In this example, we show how to build fast AIT modules for ESRGAN models, and benchmark/run them.

### Build Dependencies

First, clone, build, and install AITemplate [per the README instructions](https://github.com/facebookincubator/AITemplate#clone-the-code).

This AIT ESRGAN example depends on `torch`, `click` and optionally `safetensors`. You could install them using `pip`.

### Download the ESRGAN model

We have tested the following ESRGAN models.

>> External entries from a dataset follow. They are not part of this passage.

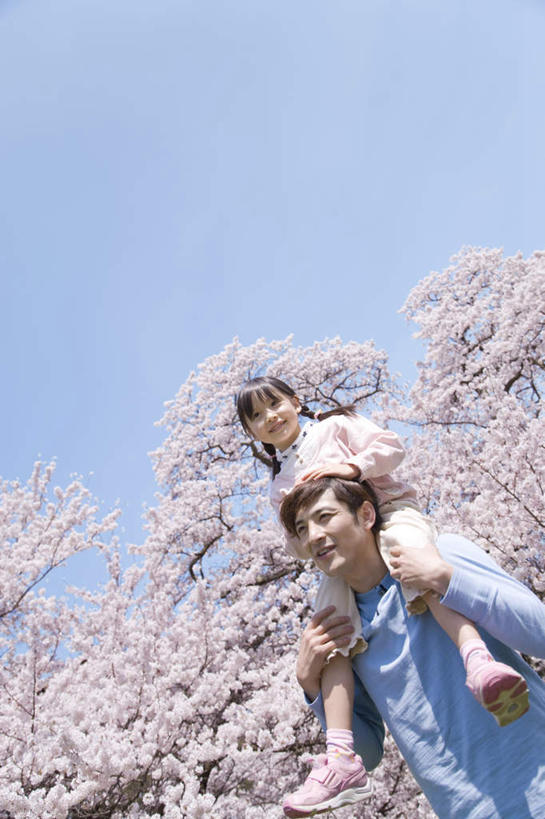 东方人,儿童,两个人,家庭,父亲,女儿,站,竖图,室外,白天,仰视,纯洁,植物,樱花,亚洲,阴影,服装,朦胧,模糊,盛开,光线,影子,花蕾,注视,休闲装,黄种人,花,花瓣,花朵,鲜花,树,树木,小孩,骑,衣服,蓝色,绿色,白色,蓝天,天空,阳光,自然,天,花苞,花蕊,观察,看,扛,站着,休闲,温暖,温馨,父女,一家人,休闲服,父爱,可爱,童年,童趣,服饰,生长,晴朗,成长,观看,和睦,察看,关注,童真,烂漫,无邪,万里无云,仙樱花,福岛樱,青肤樱,扛在肩上,骑在肩上,天真,男人,男性,年轻男性,女孩,亚洲人,孩子,年轻人,晴空,晴空万里,荆桃,站立,半身,彩图,低角度拍摄,融洽,女生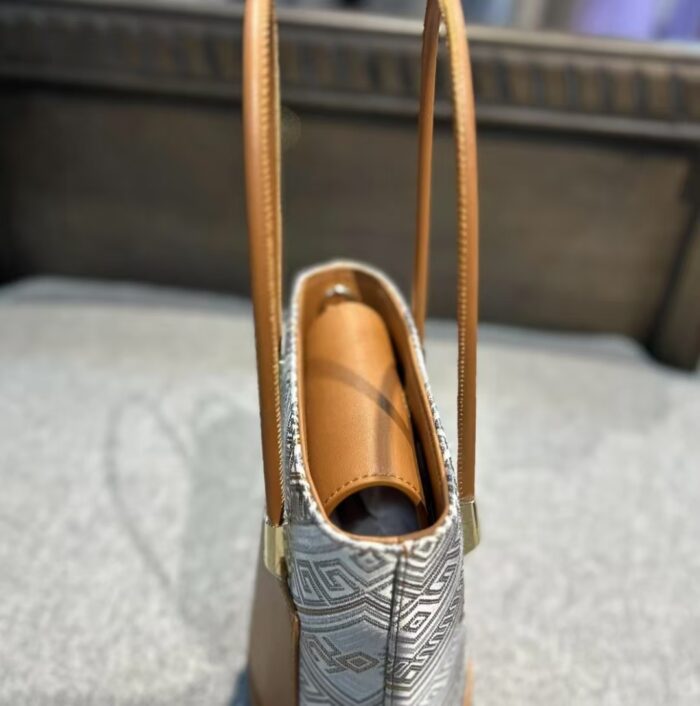 Zhuang Brocade Intangible Cultural Heritage Shoulder Bag - 图片 5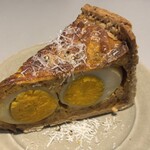 食堂アローカメラ - 鶏スパイスミンチとゆで卵のキッシュ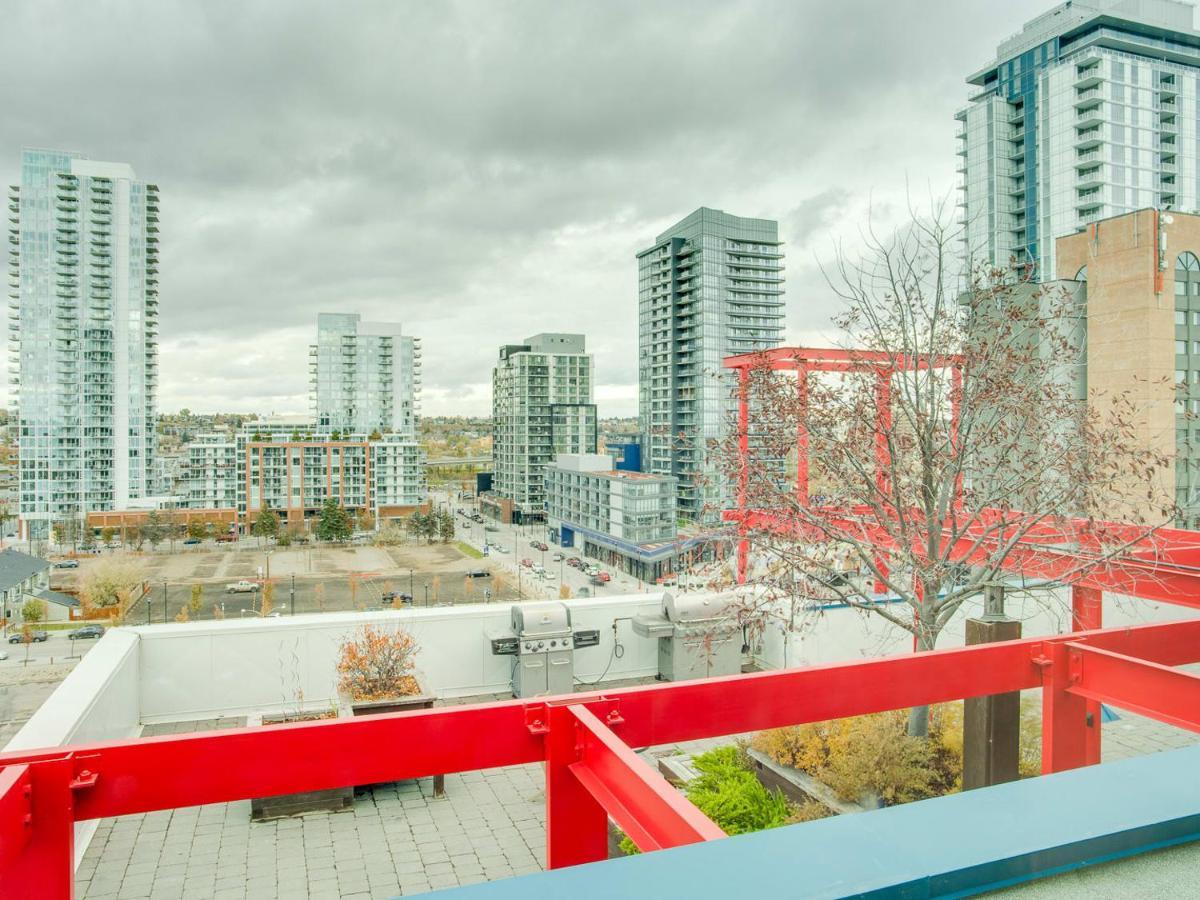 New Huge Penthouse Loft, Rooftop Patio, Bbq, Parking, Coffee Calgary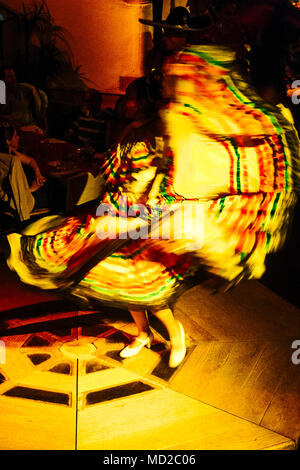 Ranchera messicana ballerina donna in abiti regionali suona presso il ristorante dei focolari, aperta per la prima volta nel 1953 nei locali di una vecchia hacienda tradizionale h Foto Stock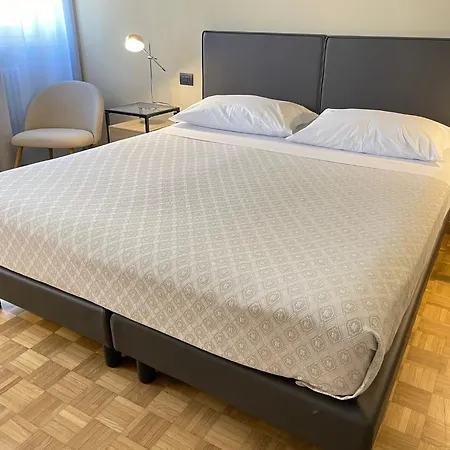 La Galleria Πανσιόν Πάρμα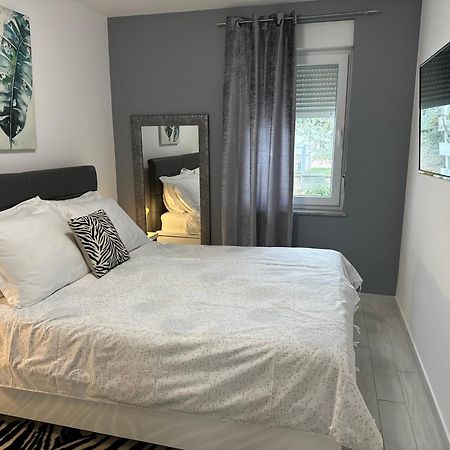Apartman Magnolija Umag Exteriör bild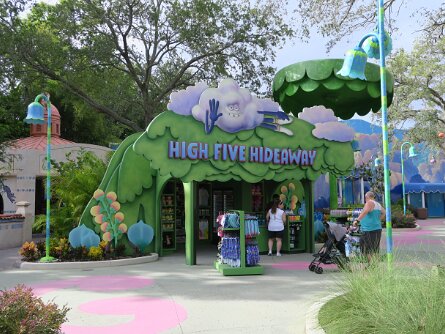 HighFiveHideaway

[RealESRGAN_x4plus](https://github.com/xinntao/Real-ESRGAN/releases/download/v0.1.0/RealESRGAN_x4plus.pth)

Model architecture:
```
num_in_ch: 3,
num_out_ch: 3,
num_feat: 64,
num_block: 23,
num_grow_ch: 32,
scale: 4,
```


[RealESRGAN_x4plus_anime_6B](https://github.com/xinntao/Real-ESRGAN/releases/download/v0.2.2.4/RealESRGAN_x4plus_anime_6B.pth)

Model architecture:
```
num_in_ch: 3,
num_out_ch: 3,
num_feat: 64,
num_block: 6,
num_grow_ch: 32,
scale: 4,
```


[RealESRGAN_x2plus](https://github.com/xinntao/Real-ESRGAN/releases/download/v0.2.1/RealESRGAN_x2plus.pth)

Model architecture:
```
num_in_ch: 3,
num_out_ch: 3,
num_feat: 64,
num_block: 23,
num_grow_ch: 32,
scale: 2,
```

A database of ESRGAN models can be found [here](https://upscale.wiki/wiki/Model_Database).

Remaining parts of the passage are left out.